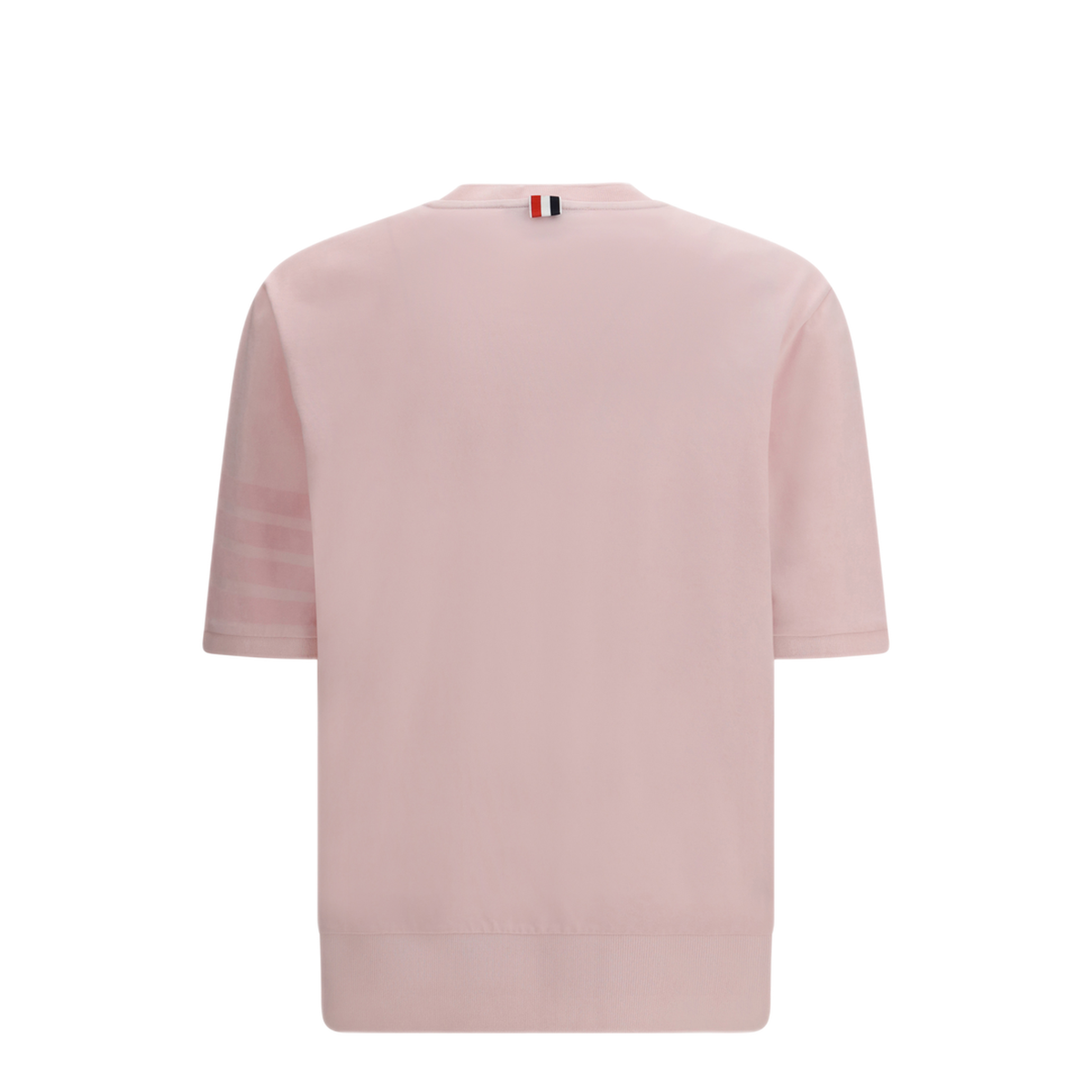 4 Bar Cotton Jersey T Shirt - Image 2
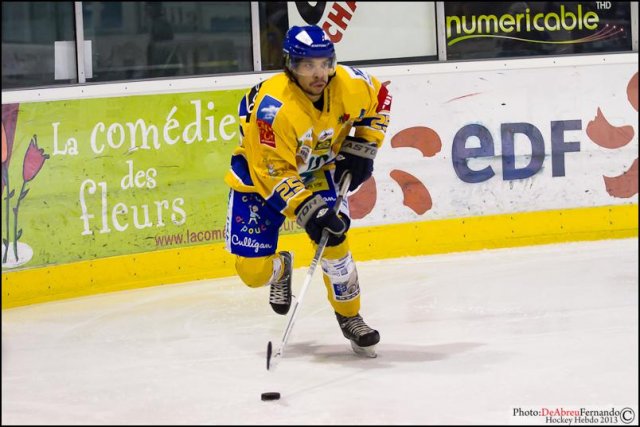 Photo hockey match Epinal  - Dijon  le 26/02/2013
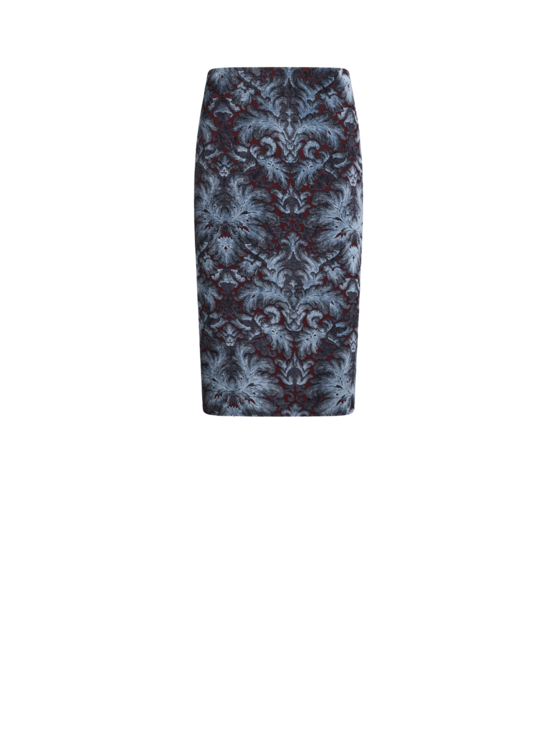 Chenille Jacquard Skirt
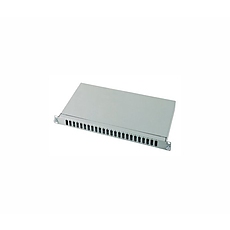 Оптичен панел 3M SPP3-E-2CD, 24 порта/ 48 влакна, 1U, сив, SC DX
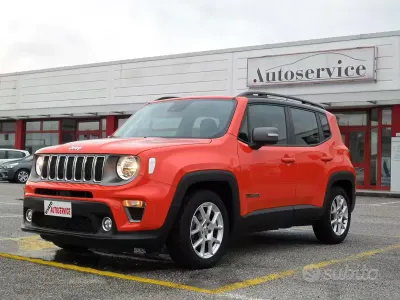 Usata Jeep Renegade Limited 131 CV (96 kW) 2021 Arancione SUV
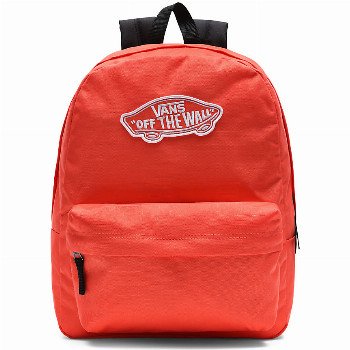 Vans REALM BACKPACK (HOT CORAL) WOMEN RED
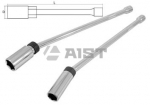 Головка свечная 21мм 3/8" 6-гр. AIST 37621-13-X на шарнирном удлинителе, L=340мм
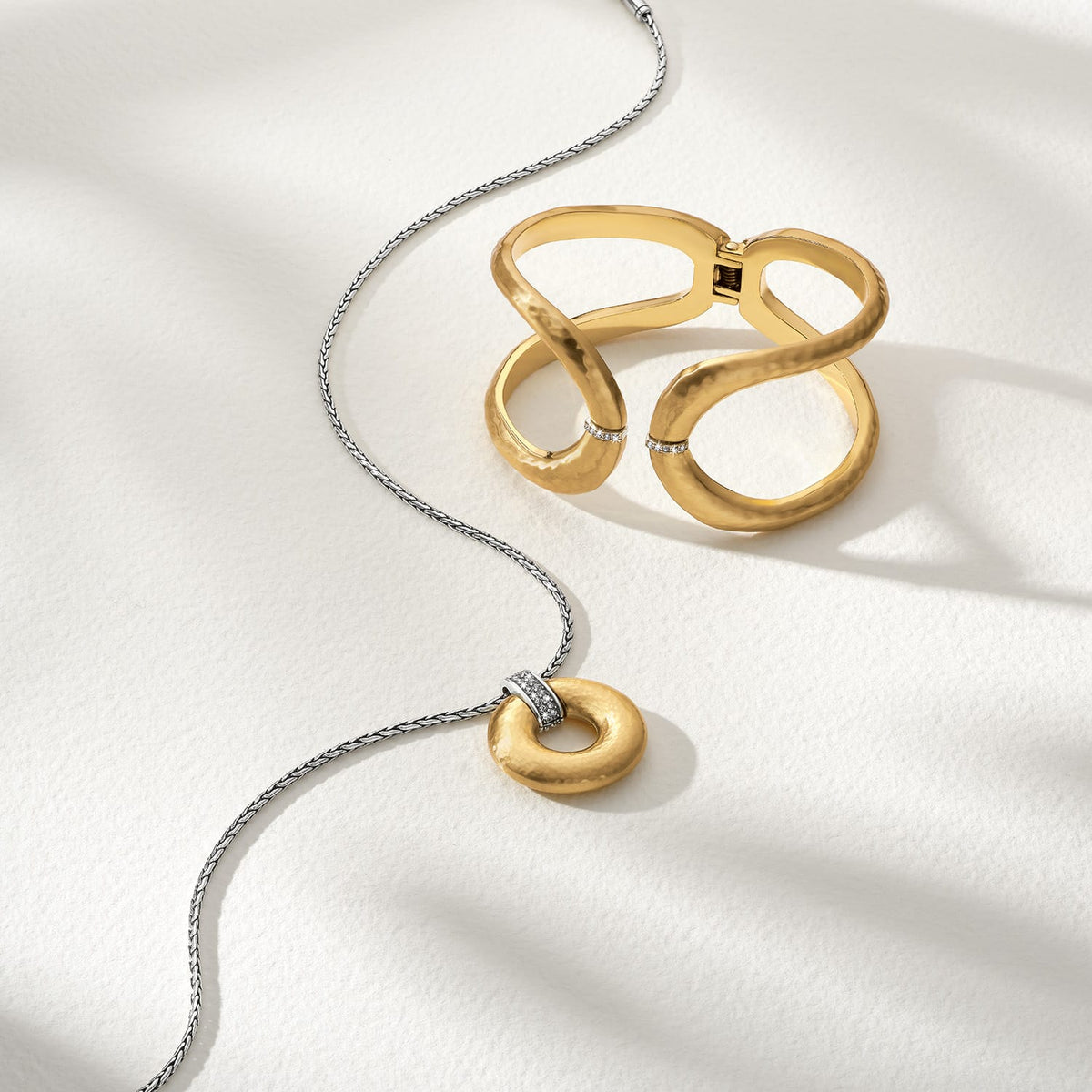 Meridian Geo Small Necklace by Brighton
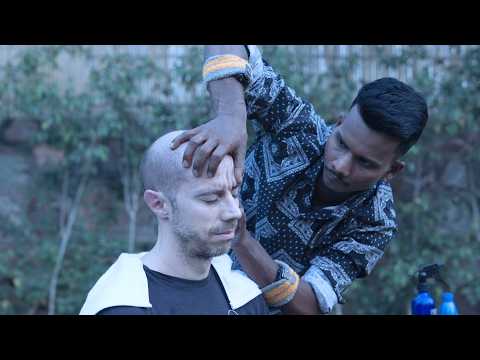 Twilight Ritual: Master Cracker’s Legendary Head Massage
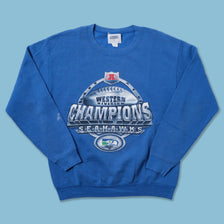 Vintage 2000 Seattle Seahawks Sweater Medium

(Required work) Only an exact, picture-free copy of the entries counts as the answer.

(Worked solution)
 4 Bar Cotton Jersey T Shirt - Image 2
 Photo hockey match Epinal  - Dijon  le 26/02/2013
 Chenille Jacquard Skirt
 Оптичен панел 3M SPP3-E-2CD, 24 порта/ 48 влакна, 1U, сив, SC DX
 Usata Jeep Renegade Limited 131 CV (96 kW) 2021 Arancione SUV
 Vans REALM BACKPACK (HOT CORAL) WOMEN RED
 Головка свечная 21мм 3/8" 6-гр. AIST 37621-13-X на шарнирном удлинителе, L=340мм
 Meridian Geo Small Necklace by Brighton
 Twilight Ritual: Master Cracker’s Legendary Head Massage
 Vintage 2000 Seattle Seahawks Sweater Medium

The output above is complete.